After the October 1929 crash, political and financial leaders understood the need and the right for all investors, whether giant institutions or the common man on the street, to have accurate and current economic information. Only armed with this data, could wise investment decisions be made concerning what stocks to buy, what stocks to keep in one's portfolio, and when it was time to sell certain stocks. The SEC ensures that publicly held companies provide this information and that it is accessible to current and prospective investors. Like practically everything else, the technological advances of the internet have made it possible for people to access a wealth of economic information about a company without leaving their homes. Even those with just a small amount of money to invest can do so through certain trading companies. The documents that the SEC requires a company to file can often be found on the business's own website or at all other websites. On some sites, the prospective investor only has to enter a business's stock ticker symbol to find reports, documents, and stock prices (both current and historical). Stock market gurus offer all kinds of advice, both good and not-so-good, for picking up-and-coming stocks. Naturally, education is the best means for avoiding disaster. It's always beneficial to give heed to the Proverbs writer, who said, "The heart of the prudent getteth knowledge; and the ear of the wise seeketh knowledge" (Proverbs 18:15). The more the prospective investor knows and understands cash flow management, the more likely good investment decisions will be made. Get rich quick schemes seldom work, but a plan based on solid principles, including an understanding of proper analysis of cash flow statement, has a good chance of being successful.

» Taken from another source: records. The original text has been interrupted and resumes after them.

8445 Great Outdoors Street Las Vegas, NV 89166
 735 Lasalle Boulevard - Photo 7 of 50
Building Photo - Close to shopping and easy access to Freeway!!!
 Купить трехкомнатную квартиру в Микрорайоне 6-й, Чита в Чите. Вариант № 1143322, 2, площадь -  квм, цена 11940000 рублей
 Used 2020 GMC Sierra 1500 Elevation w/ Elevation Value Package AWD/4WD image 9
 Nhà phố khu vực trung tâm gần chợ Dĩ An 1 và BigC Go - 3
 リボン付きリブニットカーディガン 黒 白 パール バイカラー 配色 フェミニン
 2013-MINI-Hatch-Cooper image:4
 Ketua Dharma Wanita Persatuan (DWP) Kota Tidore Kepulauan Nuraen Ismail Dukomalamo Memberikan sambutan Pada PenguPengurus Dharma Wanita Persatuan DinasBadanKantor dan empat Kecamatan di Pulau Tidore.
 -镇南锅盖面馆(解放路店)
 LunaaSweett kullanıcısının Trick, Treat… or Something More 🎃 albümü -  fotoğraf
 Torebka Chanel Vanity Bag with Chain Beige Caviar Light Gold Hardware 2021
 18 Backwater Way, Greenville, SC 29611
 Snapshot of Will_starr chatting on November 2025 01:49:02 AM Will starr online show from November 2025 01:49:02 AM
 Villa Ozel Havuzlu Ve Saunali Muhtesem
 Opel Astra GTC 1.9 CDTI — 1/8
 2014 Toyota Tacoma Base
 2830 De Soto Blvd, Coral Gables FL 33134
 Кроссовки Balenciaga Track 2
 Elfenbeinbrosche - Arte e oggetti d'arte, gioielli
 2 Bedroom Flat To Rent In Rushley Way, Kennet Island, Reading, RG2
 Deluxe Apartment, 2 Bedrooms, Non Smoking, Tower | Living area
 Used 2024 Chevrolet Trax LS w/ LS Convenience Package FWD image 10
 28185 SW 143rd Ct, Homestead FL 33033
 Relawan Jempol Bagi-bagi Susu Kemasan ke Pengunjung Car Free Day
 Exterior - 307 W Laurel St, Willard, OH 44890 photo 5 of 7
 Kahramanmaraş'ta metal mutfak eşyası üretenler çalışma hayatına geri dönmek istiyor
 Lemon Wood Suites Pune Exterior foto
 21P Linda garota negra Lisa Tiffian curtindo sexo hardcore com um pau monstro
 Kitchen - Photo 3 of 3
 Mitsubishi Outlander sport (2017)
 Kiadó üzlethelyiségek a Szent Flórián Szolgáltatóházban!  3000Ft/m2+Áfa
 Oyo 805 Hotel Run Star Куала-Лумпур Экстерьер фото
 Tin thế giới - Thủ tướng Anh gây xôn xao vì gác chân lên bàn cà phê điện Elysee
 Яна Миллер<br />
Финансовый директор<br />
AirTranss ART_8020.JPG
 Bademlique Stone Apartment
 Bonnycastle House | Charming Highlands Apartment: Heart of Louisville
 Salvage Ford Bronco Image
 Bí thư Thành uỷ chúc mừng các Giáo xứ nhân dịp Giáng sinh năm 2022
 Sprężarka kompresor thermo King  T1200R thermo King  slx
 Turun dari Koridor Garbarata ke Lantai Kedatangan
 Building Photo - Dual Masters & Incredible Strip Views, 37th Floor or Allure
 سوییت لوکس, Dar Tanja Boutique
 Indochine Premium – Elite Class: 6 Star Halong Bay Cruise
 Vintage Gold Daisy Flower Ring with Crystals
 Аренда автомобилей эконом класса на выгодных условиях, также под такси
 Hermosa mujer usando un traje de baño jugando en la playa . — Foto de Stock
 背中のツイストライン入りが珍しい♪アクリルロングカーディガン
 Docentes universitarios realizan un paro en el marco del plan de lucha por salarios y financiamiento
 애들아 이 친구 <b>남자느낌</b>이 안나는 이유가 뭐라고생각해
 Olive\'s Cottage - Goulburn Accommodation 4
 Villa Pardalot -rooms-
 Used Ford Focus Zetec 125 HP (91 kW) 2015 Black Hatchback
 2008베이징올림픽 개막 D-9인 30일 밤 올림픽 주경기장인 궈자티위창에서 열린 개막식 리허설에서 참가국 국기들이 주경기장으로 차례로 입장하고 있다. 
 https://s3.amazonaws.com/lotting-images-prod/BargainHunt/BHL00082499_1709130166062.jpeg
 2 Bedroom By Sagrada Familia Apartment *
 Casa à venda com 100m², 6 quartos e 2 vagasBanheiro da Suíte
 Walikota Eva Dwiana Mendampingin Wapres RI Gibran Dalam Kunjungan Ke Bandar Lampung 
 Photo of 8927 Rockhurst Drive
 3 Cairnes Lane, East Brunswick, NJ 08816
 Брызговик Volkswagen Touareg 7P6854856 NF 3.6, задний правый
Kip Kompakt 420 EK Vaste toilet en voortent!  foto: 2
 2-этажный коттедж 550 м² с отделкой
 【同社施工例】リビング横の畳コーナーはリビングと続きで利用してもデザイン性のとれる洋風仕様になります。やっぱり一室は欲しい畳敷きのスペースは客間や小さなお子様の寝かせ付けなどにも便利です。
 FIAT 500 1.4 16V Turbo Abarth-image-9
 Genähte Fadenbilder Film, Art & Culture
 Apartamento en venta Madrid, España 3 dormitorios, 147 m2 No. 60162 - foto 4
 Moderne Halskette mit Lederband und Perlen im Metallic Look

Some investment advisors believe and teach that a good first step for determining whether a business is a good investment opportunity is to find out if the operating cash flow (OCF) exceeds the total net income. If not, it may turn out to be a dud. A second, related step is to determine the company's free cash flow (FCF). The prospective investor will need to calculate this amount by subtracting money spent on capital expenditures and acquisitions from the operating cash flow. This numbers should be recorded for the last year in which they are available as well as previous years. Businesses that are growing quickly will be investing most of their excess funds into expansion so the FCF may not be high. That's acceptable. However, a company with negative FCF should be considered a risky investment. The numbers needed for these two simple steps can be found on many investment websites by entering the ticker symbol in the proper box and then finding the appropriate link. Understanding the investment basics, including solid cash flow management, will help investors make good investing decisions.